Jack Everette and His Orchestra

One of the bands that George A. Borgman played saxophone and clarinet with in 1946 was the Jack Everette Orchestra a Mid-west territorial big band.

The leader was John Everette Jackson, who was born in Watkins, Iowa on August 22, 1905 to John T. and Katie May (Wells) Jackson. He would use "Jack Everette" for his first band in 1926 in Cedar Rapids because there was another popular Mid-west group known as Jack Jackson and His Orchestra. Three years later, Jack married Alice Leroy Hart on March 4, 1929 in Iowa City.

The Jack Everette Orchestra started gaining it's popularity after the band began broadcasting from Station KWCR on a weekly radio show. The band had a long run at the Mayfair Club in Des Moines and had built up its prestige by the mid-thirties. The Orchestra was fairly successful during the Big Band years and worked a territory everywhere from Cincinatti to Salt Lake City and from Houston to Canada. His band had a long list of performance dates and occasionally they'd travel to Chicago and to Kansas City where they would play at the PlaMor Ballroom.

The band was disbanded during World War II, during which time Jack opened a restaurant in Springfield, Missouri.

With the end of the war Jack reformed his band with many of the same players as before. In a February 9, 1946 advertisement in Billboard he asked for, "TENOR SAX, TRUMPET MEN; commercial ideas and diligence required," to play with his "established territory band." Perhaps this ad led to George's stint with the band on saxophone.
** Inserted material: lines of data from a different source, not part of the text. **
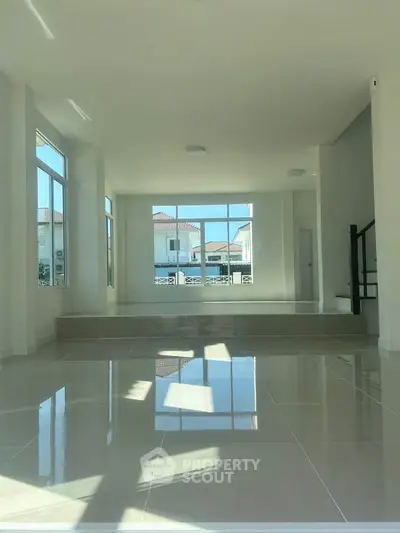 Spacious modern living room with large windows and glossy tiled floors, offering abundant natural light and a serene ambiance.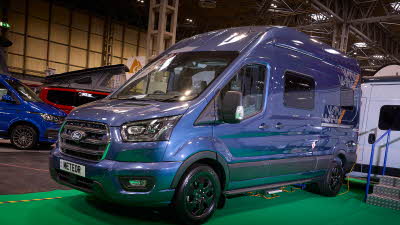 WildAx Motorhomes Meteor is blue with black trim.  There are white and orange decals.  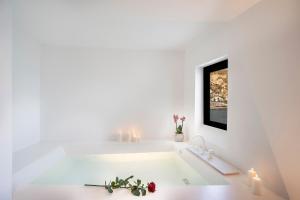 a bath room with a white bath tub next to a window at Miramare Sea Resort & Spa in Ischia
Whenever George joined it would not be for long, because he would join the U.S. Army in 1946 too and would become part of the Army of Occupation when he was sent to Germany in 1947.
The Jack Everette Orchestra continued its run until 1956. In that year his son Dave started his own orchestra. Jack and Dave would then start the Jackson Artist Corporation, a booking agency, in Kansas City, Missouri in 1962. Ten years later Jack would pass away on July 9, 1972.